=== To do ===
The reply needs the lines from the one containing "febrics on 4/28/2023" through the end of the material, each repeated exactly, and no pictures.

=== Record extracts ===

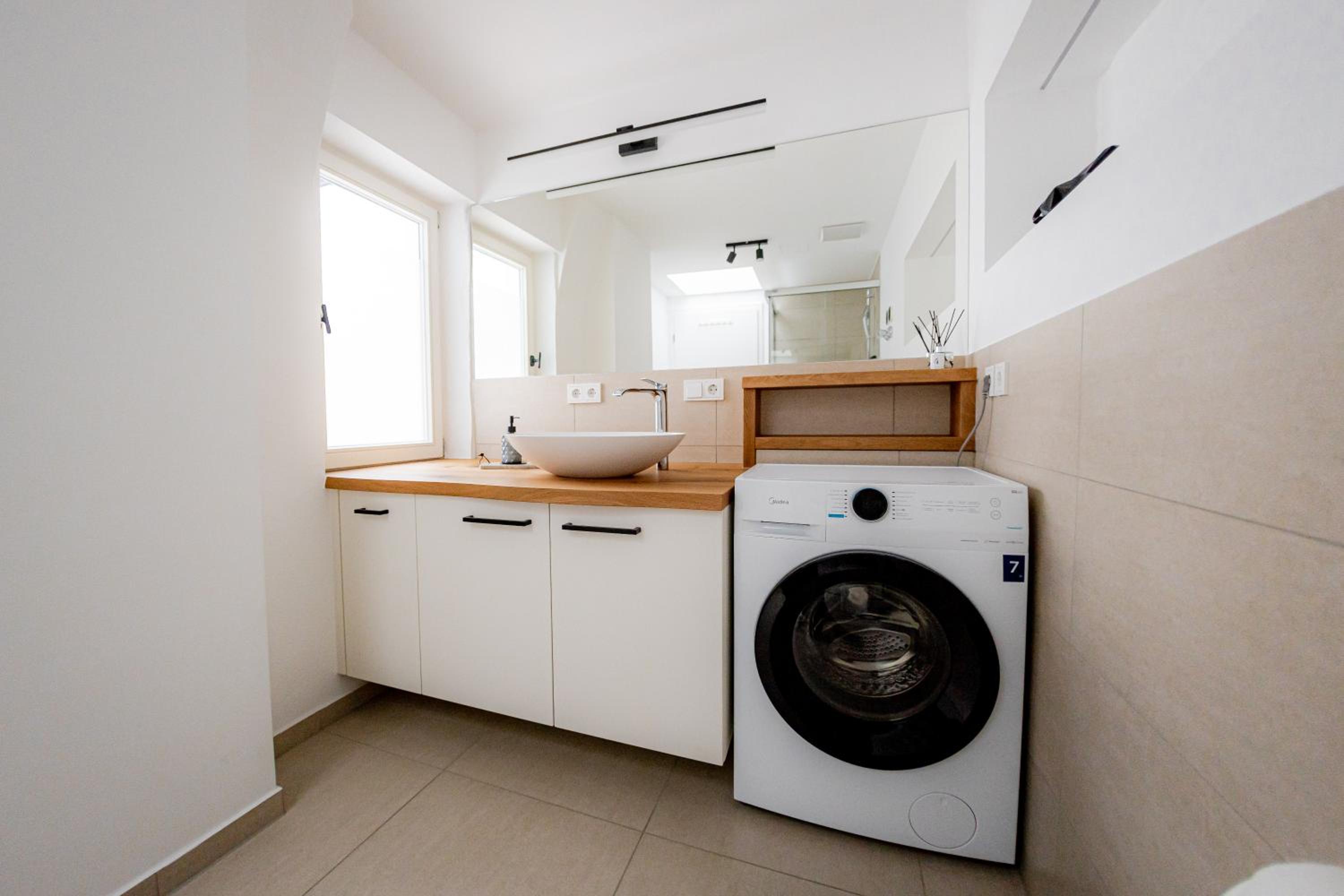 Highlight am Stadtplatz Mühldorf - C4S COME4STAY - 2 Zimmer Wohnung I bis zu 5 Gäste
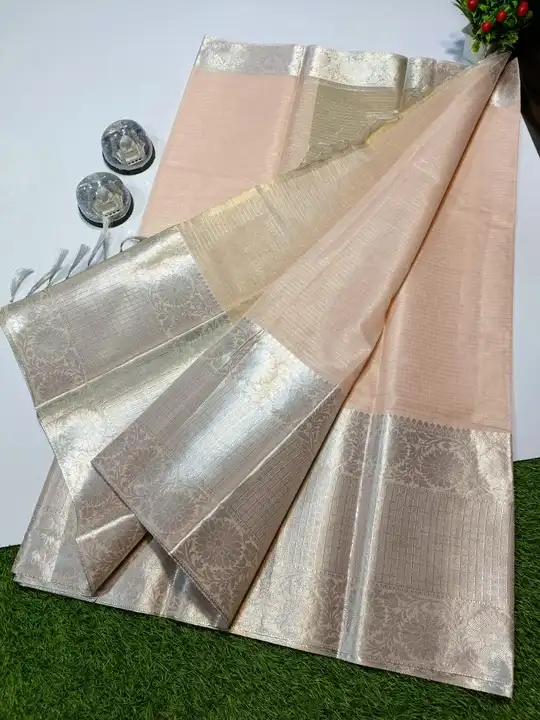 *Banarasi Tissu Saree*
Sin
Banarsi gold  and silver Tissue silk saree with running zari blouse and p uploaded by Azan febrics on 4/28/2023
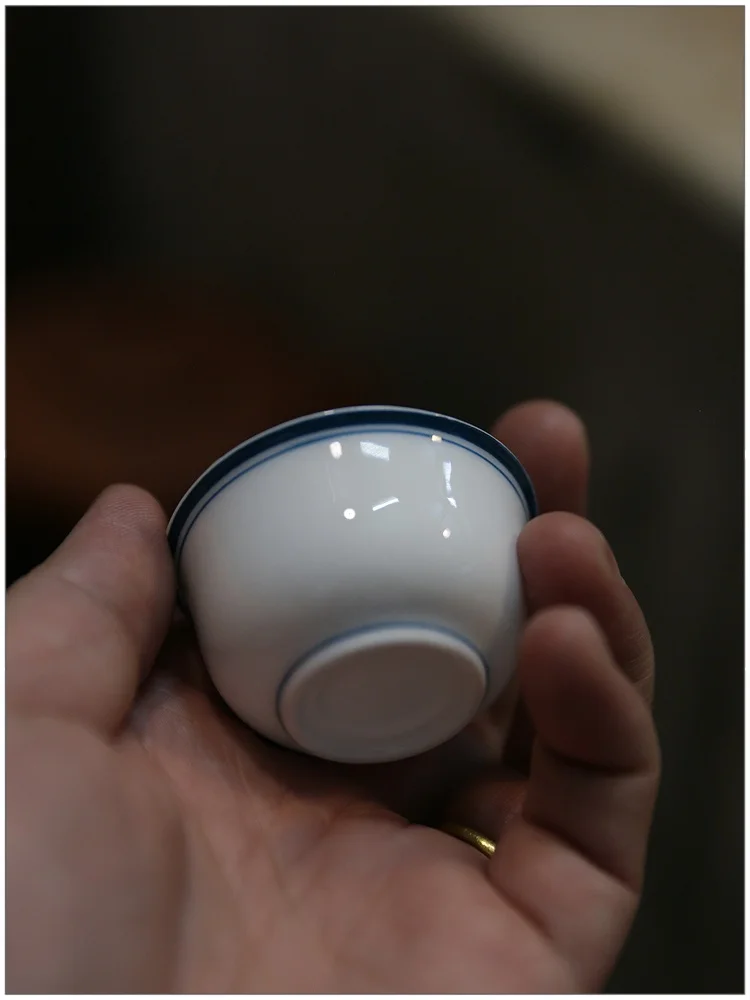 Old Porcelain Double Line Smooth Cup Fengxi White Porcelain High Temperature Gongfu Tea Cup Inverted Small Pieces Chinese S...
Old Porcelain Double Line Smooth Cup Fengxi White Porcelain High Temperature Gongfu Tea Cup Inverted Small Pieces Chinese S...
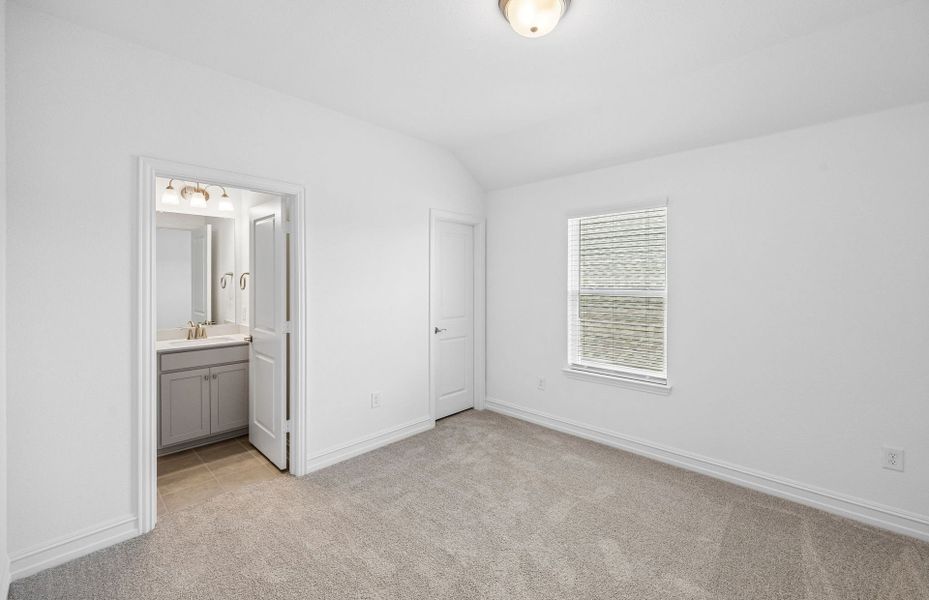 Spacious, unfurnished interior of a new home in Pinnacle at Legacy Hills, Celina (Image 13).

=== Expected output ===
Banarsi gold  and silver Tissue silk saree with running zari blouse and p uploaded by Azan febrics on 4/28/2023
 Old Porcelain Double Line Smooth Cup Fengxi White Porcelain High Temperature Gongfu Tea Cup Inverted Small Pieces Chinese S...
Old Porcelain Double Line Smooth Cup Fengxi White Porcelain High Temperature Gongfu Tea Cup Inverted Small Pieces Chinese S...
 Spacious, unfurnished interior of a new home in Pinnacle at Legacy Hills, Celina (Image 13).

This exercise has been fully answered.